We were just about out far enough to start to turn me around back to shore when something completely unexpected happened. At that moment, one of the local surfers passed me on his way out to catch a wave. In the nicest way possible he said to me, “Lookin’ good! All you have to do it STAND UP!” Then he smiled, gave me a thumbs-up and was on his way. The amount of laughter between the three of us that was inspired by this statement should have made us drown. Thank goodness the surf board was there to save us. Poor guy had no idea that what he said was soooo funny! After we were able to calm down and catch our breath, I managed to successfully catch a wave and rode it all the way to the beach in time to mimic a beached whale waiting to be saved. You’d think this was the end of the story… but you’d be wrong.

About an hour later, after sunning for a bit on the sand we decided to prepare for our strenuous return trip through the ever unpleasant SAND! I had just gotten back in my chair and was picking up my stuff when the most ironic thing happened again. The same surfer happened to be passing by and was brought face-to-face with the words that he had said just an hour or so earlier. I will never forget the look on his face. I felt so bad for him. I thought his eyes were going to pop right out. All I heard was “Duuuuude! I am soooo sorry. I didn’t know you were in a wheelchair!”

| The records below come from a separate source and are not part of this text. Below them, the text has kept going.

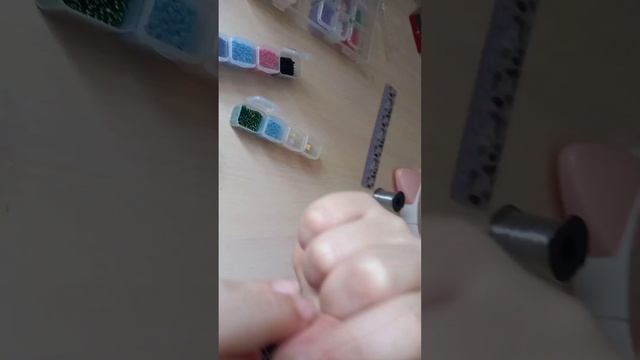 сделала колечко из бисера ввиде лягушки. смотреть онлайн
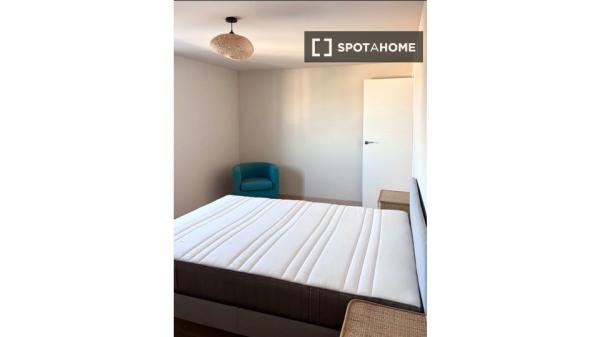 Se alquila piso de 2 dormitorios en Haza Grande, Granada.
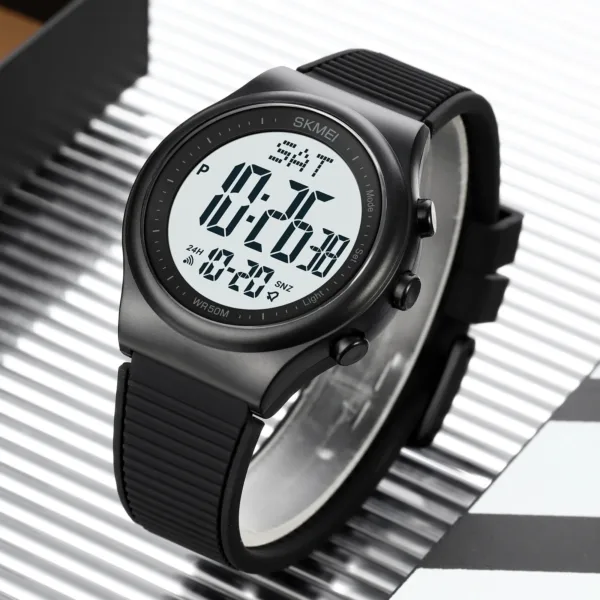 Men's Digital Sports Watch with Backlight - Image 4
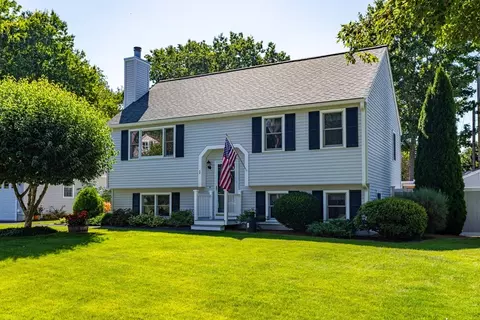 1 Gardner Ln, Ayer, MA 01432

It took a great deal of work to convince him that it was no big deal. We just thought it was funny! I didn’t remotely have my feeling hurt. Rather I was more flattered by his thoughtfulness (he was pretty cute as well). I wish more than anything this surfer would read this blog and realize that his ignorance has brought me years of laughter and nothing but pleasant thoughts of CA surfers! I hope this story has triggered your own unexpected humorous memories. You never know when a good belly laugh might be waiting just around the corner–or the beach!